Der gleiche deutsche Eigner, SAP-Mitbegründer Hasso Plattner, nahm 2002 die fast 45 Meter lange „Visione“ entgegen. Eine Bau-Anekdote besagt, dass der Tender abgelehnt wurde, weil er nur wenige Kilogramm schwerer war, als vom Zulieferer spezifiziert. Den feinen Sinn für das Leichte, der nie in Leichtsinnigkeit übergeht, bewahrte sich Baltic immer. Den Canting Keel führte man 2000 an der Baltic 78 mit unter der Wasserlinie liegender Mechanik und Hydraulik ein.

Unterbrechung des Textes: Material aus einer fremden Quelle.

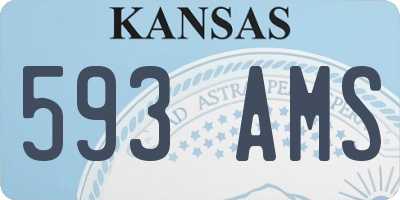 KS license plate 593AMS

Nach diversen Erweiterungen in Bosund wurde 2010 ein zusätzlicher Standort am Wasser im 20 Kilometer nördlich gelegenen Jakobstad errichtet, wo ein Jahr später mit der fast 60 Meter messenden „Hetairos“ die größte Komposit-Segelyacht der Welt ablegte. Doch die Auswirkungen der Finanzkrise machten auch vor Baltic Yachts nicht halt. Trotz guter Auftragslage gab es keine Bankgarantien mehr.
Eigner wurden zu mobilisieren versucht. „PG kontaktierte aus dem Ruhestand Hans Georg Näder“, entsinnt sich Walter Meier-Kothe. Der Händler hatte dem Orthopädietechnik-Unternehmer 1999 zu seiner ersten 30-Meter-Baltic verholfen, natürlich namens „Pink Gin“. Im März 2013 erwarb Näder über die Ottobock Holding 80 Prozent der Firmen-Anteile. Zu dem Zeitpunkt segelte er auf 46 Metern (2006). Die 54 Meter lange und kürzlich verkaufte „Pink Gin VI“ sorgte 2017 mit Hai-Kielbombe für Aufsehen.
Das 50-jährige Jubiläum feierte Baltic mit einem Mittsommer-Fest und einer Regatta vor Sardinien, wo die Ur-Baltic „Diva“ als überholte „Queen Anne“ antrat. Nächstes Jahr macht die Werft sich ein verspätetes Geschenk, das etwas wehmütig stimmt. Die dann abgeschlossene Kapazitätserweiterung in Jakobstad geht einher mit der Schließung des Gründungsstandorts in Bosund.